- Born: c. 1920 Medford, Massachusetts, U.S.
- Died: December 25, 2008 (aged 89) White Plains, New York, U.S.
- Education: College of the Holy Cross (BA) Georgetown University (LLB)
- Known for: Representing The Washington Post in the Pentagon Papers case

= William Glendon =

American politician

William R. Glendon (c. 1920 - December 25, 2008) was an American attorney who specialized in issues relating to the First Amendment to the United States Constitution and represented The Washington Post in the Pentagon Papers case.

==Early life and education==
Glendon was born in Medford, Massachusetts, and grew up in Stoneham, Massachusetts.

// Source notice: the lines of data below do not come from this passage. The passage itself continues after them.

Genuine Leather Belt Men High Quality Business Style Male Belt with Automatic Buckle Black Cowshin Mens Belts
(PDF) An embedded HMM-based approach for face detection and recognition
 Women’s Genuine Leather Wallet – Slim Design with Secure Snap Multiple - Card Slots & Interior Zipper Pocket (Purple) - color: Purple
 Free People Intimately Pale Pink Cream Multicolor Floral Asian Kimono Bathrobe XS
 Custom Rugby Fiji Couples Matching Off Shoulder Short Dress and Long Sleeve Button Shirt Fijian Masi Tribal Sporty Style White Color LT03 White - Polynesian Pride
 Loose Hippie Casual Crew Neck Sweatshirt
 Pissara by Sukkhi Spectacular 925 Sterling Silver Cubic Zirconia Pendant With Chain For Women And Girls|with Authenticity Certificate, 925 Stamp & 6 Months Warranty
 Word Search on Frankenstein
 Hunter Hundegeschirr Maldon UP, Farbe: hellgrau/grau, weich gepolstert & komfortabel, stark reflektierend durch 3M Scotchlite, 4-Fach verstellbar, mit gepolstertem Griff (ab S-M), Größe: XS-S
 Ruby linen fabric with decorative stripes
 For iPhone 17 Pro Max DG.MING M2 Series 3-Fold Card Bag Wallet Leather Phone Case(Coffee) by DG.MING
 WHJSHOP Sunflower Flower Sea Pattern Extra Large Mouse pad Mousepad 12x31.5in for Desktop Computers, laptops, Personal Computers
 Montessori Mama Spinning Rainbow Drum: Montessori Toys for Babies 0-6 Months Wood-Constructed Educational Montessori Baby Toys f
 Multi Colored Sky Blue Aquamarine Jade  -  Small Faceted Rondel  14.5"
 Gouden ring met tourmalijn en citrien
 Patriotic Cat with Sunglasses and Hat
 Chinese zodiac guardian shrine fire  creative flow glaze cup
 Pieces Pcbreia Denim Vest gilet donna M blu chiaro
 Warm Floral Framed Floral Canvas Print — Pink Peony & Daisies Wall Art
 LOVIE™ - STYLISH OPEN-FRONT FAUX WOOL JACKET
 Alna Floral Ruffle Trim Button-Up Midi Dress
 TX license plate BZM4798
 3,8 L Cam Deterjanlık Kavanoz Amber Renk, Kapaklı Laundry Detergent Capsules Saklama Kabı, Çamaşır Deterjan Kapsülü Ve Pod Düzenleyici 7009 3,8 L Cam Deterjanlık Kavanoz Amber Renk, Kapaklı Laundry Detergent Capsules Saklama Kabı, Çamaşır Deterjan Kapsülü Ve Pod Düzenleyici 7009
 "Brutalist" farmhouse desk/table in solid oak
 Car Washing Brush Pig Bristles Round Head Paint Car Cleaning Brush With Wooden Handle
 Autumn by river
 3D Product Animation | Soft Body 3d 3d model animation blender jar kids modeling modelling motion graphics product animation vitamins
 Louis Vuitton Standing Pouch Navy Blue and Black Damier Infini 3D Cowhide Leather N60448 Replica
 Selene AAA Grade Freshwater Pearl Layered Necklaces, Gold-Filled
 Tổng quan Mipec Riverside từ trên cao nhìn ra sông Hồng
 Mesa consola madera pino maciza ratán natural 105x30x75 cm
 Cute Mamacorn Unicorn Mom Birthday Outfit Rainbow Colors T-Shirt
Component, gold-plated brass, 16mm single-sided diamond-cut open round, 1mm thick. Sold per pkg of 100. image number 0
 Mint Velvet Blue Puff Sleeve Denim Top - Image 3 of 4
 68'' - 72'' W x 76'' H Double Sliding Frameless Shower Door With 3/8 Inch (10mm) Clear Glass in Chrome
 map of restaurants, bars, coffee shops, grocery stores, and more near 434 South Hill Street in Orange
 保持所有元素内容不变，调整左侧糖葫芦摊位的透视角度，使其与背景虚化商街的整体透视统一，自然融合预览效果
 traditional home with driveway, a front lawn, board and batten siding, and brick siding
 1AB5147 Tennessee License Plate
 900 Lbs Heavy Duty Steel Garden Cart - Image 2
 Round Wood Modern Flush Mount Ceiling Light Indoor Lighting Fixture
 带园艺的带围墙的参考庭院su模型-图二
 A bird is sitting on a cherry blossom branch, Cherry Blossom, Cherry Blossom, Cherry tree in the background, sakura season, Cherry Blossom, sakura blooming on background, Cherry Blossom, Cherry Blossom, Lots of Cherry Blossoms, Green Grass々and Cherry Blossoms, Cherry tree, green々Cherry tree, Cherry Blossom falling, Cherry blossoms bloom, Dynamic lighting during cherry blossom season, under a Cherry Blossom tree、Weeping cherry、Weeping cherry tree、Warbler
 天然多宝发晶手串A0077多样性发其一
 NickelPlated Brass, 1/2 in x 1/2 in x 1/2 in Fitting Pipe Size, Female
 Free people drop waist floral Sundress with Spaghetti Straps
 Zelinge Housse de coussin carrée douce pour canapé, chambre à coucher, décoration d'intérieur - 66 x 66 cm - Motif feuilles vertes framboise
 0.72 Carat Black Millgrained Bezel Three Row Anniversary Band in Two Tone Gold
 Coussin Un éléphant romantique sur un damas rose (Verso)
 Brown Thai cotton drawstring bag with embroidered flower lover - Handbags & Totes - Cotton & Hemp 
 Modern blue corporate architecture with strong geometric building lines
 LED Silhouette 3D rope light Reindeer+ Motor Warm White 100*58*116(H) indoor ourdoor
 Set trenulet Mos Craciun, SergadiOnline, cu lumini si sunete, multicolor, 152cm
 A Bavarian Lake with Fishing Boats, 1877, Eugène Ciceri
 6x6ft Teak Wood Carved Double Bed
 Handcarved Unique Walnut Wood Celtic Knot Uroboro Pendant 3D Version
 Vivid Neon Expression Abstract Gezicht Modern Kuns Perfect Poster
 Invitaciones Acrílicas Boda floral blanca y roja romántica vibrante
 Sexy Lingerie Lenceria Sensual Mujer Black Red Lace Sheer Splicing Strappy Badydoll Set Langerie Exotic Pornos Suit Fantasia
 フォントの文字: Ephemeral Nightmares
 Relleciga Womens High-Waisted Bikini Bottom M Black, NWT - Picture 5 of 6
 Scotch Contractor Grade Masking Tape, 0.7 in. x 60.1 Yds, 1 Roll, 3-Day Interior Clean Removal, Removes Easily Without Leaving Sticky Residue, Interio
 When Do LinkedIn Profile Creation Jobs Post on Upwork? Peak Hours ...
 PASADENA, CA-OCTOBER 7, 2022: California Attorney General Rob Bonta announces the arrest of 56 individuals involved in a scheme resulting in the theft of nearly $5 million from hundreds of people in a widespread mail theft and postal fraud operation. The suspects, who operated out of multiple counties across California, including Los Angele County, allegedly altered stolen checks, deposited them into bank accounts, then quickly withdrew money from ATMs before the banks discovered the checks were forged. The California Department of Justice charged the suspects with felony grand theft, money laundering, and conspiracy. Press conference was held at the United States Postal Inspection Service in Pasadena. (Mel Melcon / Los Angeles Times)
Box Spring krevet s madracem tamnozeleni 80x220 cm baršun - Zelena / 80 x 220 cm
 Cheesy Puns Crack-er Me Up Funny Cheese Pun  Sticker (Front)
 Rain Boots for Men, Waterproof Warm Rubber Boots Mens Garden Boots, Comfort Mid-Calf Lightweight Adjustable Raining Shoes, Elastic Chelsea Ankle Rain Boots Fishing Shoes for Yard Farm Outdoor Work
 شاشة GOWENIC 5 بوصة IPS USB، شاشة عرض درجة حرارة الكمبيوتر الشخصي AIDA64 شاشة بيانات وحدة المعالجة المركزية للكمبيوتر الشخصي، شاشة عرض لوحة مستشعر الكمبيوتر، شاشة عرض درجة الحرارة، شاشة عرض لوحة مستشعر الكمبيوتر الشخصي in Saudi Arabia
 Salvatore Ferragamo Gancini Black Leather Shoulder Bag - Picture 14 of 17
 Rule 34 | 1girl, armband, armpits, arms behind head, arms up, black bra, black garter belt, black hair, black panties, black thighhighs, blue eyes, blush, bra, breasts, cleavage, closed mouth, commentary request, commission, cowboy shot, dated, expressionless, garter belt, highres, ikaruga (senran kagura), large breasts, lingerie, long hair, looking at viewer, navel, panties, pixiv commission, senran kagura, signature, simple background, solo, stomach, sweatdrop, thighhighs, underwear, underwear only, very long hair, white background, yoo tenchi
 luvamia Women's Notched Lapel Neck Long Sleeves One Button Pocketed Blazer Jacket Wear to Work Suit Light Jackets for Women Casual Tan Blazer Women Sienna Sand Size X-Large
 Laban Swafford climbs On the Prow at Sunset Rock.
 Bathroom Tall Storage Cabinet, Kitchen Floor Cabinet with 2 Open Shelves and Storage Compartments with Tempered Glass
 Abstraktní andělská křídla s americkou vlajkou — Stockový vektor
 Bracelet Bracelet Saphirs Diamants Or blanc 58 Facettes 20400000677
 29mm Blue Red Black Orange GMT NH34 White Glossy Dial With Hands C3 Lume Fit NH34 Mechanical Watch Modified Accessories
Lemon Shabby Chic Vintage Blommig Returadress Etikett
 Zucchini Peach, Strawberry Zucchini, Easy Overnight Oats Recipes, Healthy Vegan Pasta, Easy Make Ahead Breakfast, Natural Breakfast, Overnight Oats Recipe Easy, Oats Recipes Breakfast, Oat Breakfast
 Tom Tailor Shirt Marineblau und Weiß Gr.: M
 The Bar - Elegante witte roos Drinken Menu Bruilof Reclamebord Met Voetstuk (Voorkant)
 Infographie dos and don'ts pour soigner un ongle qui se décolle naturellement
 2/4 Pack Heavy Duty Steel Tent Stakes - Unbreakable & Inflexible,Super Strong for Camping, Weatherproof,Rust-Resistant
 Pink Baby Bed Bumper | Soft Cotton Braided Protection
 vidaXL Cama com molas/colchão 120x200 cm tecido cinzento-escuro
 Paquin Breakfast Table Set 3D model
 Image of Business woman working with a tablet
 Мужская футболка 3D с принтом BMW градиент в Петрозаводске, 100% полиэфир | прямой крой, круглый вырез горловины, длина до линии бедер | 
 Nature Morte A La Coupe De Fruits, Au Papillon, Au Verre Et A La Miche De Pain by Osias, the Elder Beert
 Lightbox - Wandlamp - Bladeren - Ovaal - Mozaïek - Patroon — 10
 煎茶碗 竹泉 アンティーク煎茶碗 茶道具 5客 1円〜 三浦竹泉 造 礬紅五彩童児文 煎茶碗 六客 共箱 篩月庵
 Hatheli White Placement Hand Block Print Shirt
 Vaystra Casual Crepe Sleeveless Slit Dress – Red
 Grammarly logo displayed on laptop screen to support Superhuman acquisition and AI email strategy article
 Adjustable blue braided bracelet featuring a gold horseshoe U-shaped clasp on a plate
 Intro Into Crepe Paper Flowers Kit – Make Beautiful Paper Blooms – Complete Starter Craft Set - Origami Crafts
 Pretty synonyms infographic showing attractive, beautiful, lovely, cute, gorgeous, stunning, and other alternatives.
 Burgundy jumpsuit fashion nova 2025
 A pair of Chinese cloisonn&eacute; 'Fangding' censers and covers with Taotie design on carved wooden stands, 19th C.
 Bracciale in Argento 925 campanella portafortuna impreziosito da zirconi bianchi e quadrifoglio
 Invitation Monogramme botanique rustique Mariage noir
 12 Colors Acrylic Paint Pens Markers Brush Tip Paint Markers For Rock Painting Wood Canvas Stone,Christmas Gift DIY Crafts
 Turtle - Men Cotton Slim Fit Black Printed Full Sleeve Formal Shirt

He attended the College of the Holy Cross and enlisted in the United States Navy in 1941 following graduation. He served on a troop transport ship as a communications officer and earned five battle stars for his participation in the amphibious invasions of North Africa, Italy and the Normandy Landings. He left the Navy with the rank of lieutenant.

==Career==
After ending his military service, he attended the Georgetown Law School, graduating in 1947. He served as an assistant district attorney in Washington, D.C., and joined the firm of Rogers & Wells (now part of Clifford Chance), and relocated to the firm's Manhattan office in 1956.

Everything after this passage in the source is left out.